Według przedstawicieli władz palestyńskich od piątku w Strefie Gazy zginęło łącznie 20 osób, w tym osiem cywilnych, a od soboty co najmniej 80 mieszkańców enklawy odniosło obrażenia.
Po stronie izraelskiej zginęły cztery osoby zabite przez rakiety wystrzelone ze Strefy Gazy; trzy osoby poniosły śmierć w mieście Aszkelon. To pierwsze izraelskie ofiary śmiertelne ostrzału rakietowego ze Strefy Gazy od czasu zbrojnego konfliktu izraelsko-palestyńskiego w 2014 roku.
Wśród Palestyńczyków zabitych w niedzielę w izraelskim ostrzale znalazł się dowódca Hamasu Hamad Abed Hudri.

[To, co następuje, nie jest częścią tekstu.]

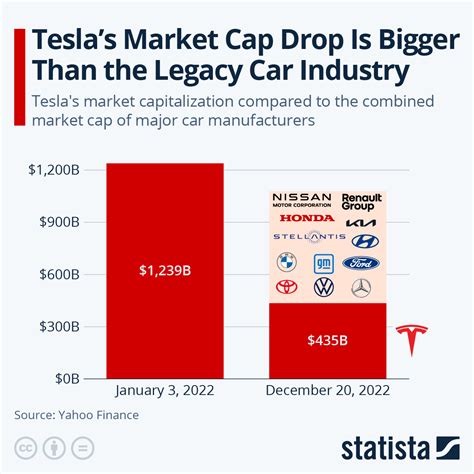 Chart: Tesla's Market Cap Drop Is Bigger Than the Legacy Car Industry | Statista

Izraelski pocisk trafił w samochód, którym jechał 34-letni bojownik, odpowiedzialny za transfer środków z Iranu do zbrojnych ugrupowań w Strefie Gazy. Hamas potwierdził, że Hudri poniósł śmierć.
Wojsko izraelskie oświadczyło w komunikacie, że wspólnie z agencją bezpieczeństwa Szin Bet będzie walczyć ze wspieraniem przez Iran terroryzmu i finansowaniem terrorystycznych organizacji w Strefie Gazy. Premier Izraela Benjamin Netanjahu powiedział, że nakazał wojsku kontynuować silne uderzenie na Hamas i ugrupowanie Islamski Dżihad.
Według izraelskiego wojska, ze Strefy Gazy od piątku odpalono ponad 600 pocisków rakietowych na państwo żydowskie, z czego izraelski system antyrakietowy Żelazna Kopuła przechwycił ponad 150. W odwecie wojsko izraelskie zaatakowało ponad 260 celów należących do bojowników palestyńskich.
Jednocześnie Izrael zaprzecza, jakoby jego siły zbrojne odpowiadały za śmierć ciężarnej Palestynki i około rocznej dziewczynki w Strefie Gazy; wojsko twierdzi, że zginęły one przez błędnie pokierowany pocisk palestyński.
Premier Netanjahu poinformował, że nakazał armii kontynuowanie „masowych ataków na terrorystów” w Strefie Gazy i polecił, aby siły wokół tego obszaru zostały wzmocnione przez czołgi, artylerię i piechotę.
Do najnowszej eskalacji napięcia między Izraelem i Palestyńczykami doszło tuż przed początkiem ramadanu oraz na tydzień przed 64. edycją konkursu piosenki Eurowizji, która ma się odbyć w Tel Awiwie. Dotychczas Tel Awiw omijały palestyńskie rakiety, jednak zbrojne palestyńskie ugrupowania według mediów groziły rozszerzeniem ataków także na to miasto.